The gods continue to ponder of a way to win, looking into old scripts, desperately trying to find a way.

There were none.

Location: ?????????

Order stood infront of me, I knew I was in for a bad time.

"You refused my offer earlier, and you paid the price. You could have ruled beside me as commander, but you tried to protect these weaklings. Now that you have fallen, your soul is mine. You will regret the choices you have made." Order stated.

"No. I will never regret protecting my family. Even if they are against me, I will stay loyal. Not even death will change that." I state adamantly.

"Hah! Everyone has a limit. Even gods. You will soon learn that sometimes, there is no hope. " Order laughed.

I began to speak but before my lips opened, Order waved his hand, and pain rang in my head. My eyes flashed and started to glow. I see nothing but darkness beside me. I am wearing only a orange camp half blood shirt along with camp attire. One that I hated.

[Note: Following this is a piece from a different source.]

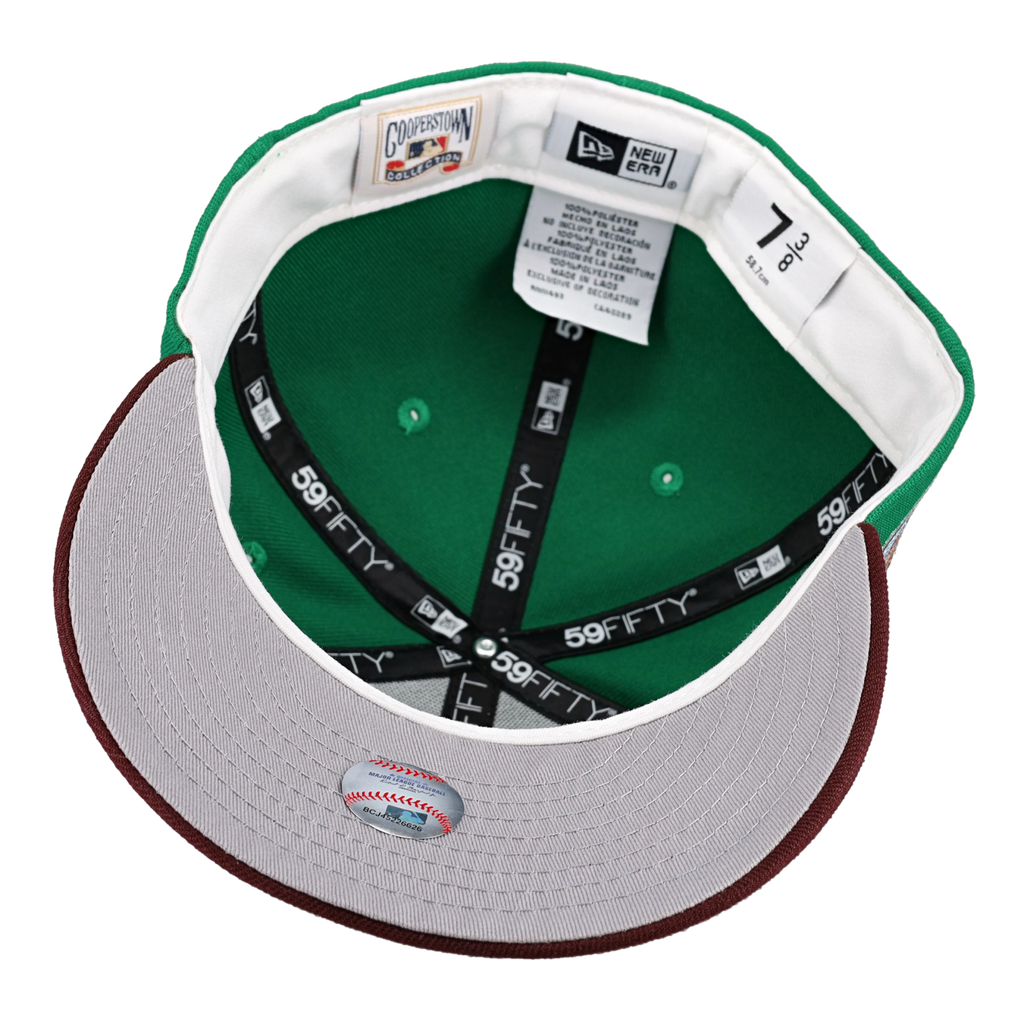 Washington Nationals Green 1969 All Star Game Patch 59Fifty Fitted Hat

My eyes start searing with a stinging sensation, I am forced to close them. Images flash through my vision. What I see haunts me. Its a collection of all my failiures and memories, some real and fake. I see myself beside Mom and Paul, blood leaking. I see myself beside Zoé on her deathbed. I see Thalia and Artemis trapped in a dungeon, chained to walls. I see my failiures, all of them.

I clutch my head in shock. I fall to my knees. I cant open my eyes or else I will burn, so I am forced to watch these. Soon the images are replaced with other images. I see myself walking in a destroyed Olympus, with each god lying dead on the ground. I tremble as I begin to hold back tears.

Oh gods. What is happening?

"you killed us." A voice speaks inside my head. Several voices. I recognize the voices. I hear everyone's voice.  All the people who I have failed.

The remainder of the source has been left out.